Captioned web images:
+ + +
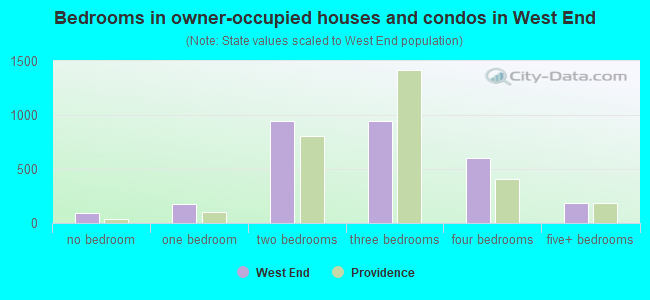 Bedrooms in owner-occupied houses and condos in West End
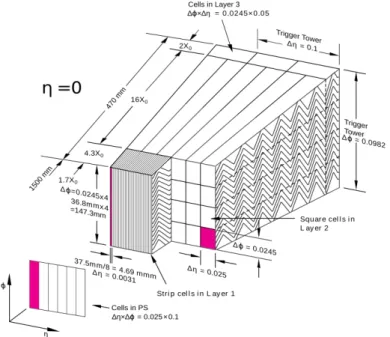 Figure 2.13: Graphic representation of the electromagnetic calorimeter and its modularity.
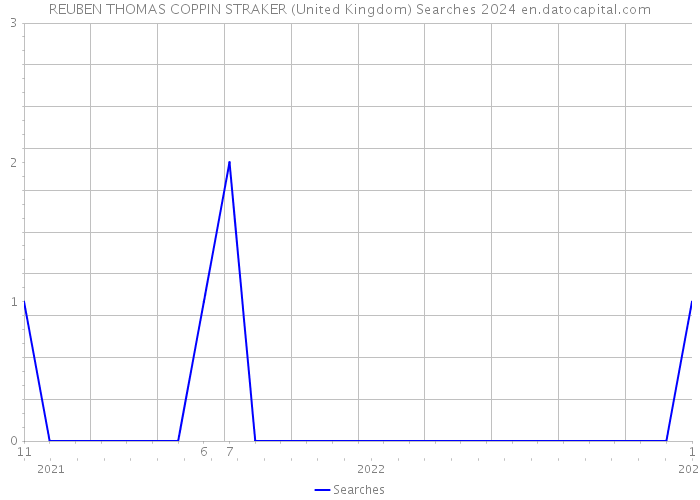 REUBEN THOMAS COPPIN STRAKER (United Kingdom) Searches 2024 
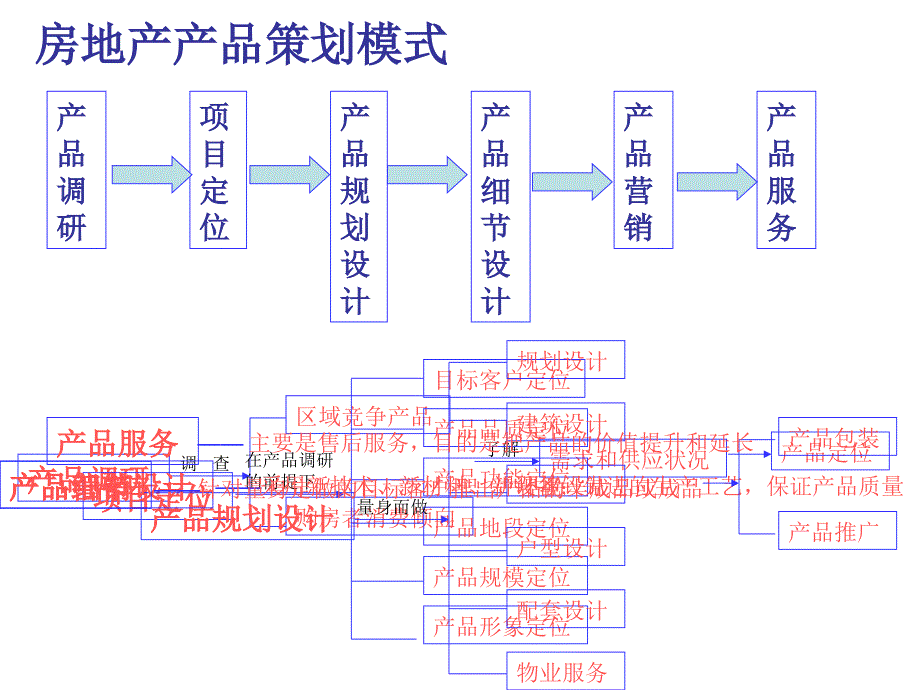 大客户销售与管理技巧培训_第5页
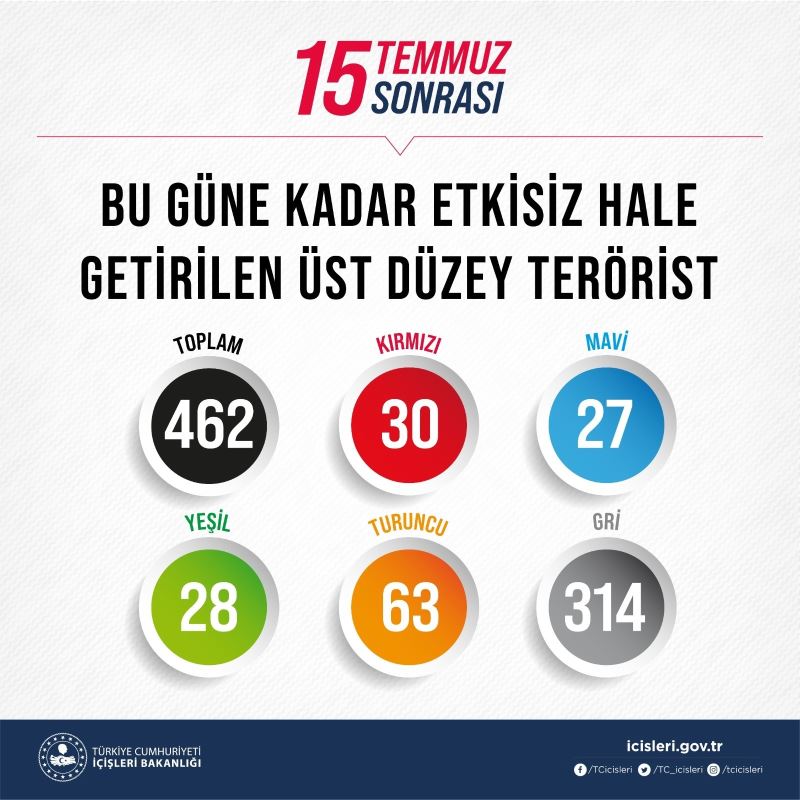 Bakan Soylu, 15 Temmuz’dan bugüne kadar olan terörle mücadele verilerini paylaştı
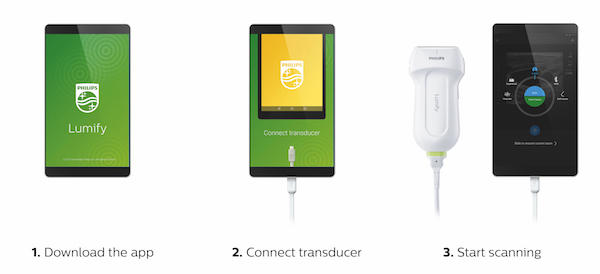 2016年红点奖获奖作品,2020年红点奖获奖名单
+ + +
• What you will do: Please copy the preceding records exactly and omit the images.

• Written answer:
 Bedrooms in owner-occupied houses and condos in West End
 Figure 2.13: Graphic representation of the electromagnetic calorimeter and its modularity.
 REUBEN THOMAS COPPIN STRAKER (United Kingdom) Searches 2024 
 大客户销售与管理技巧培训_第5页
 Bakan Soylu, 15 Temmuz’dan bugüne kadar olan terörle mücadele verilerini paylaştı
 2016年红点奖获奖作品,2020年红点奖获奖名单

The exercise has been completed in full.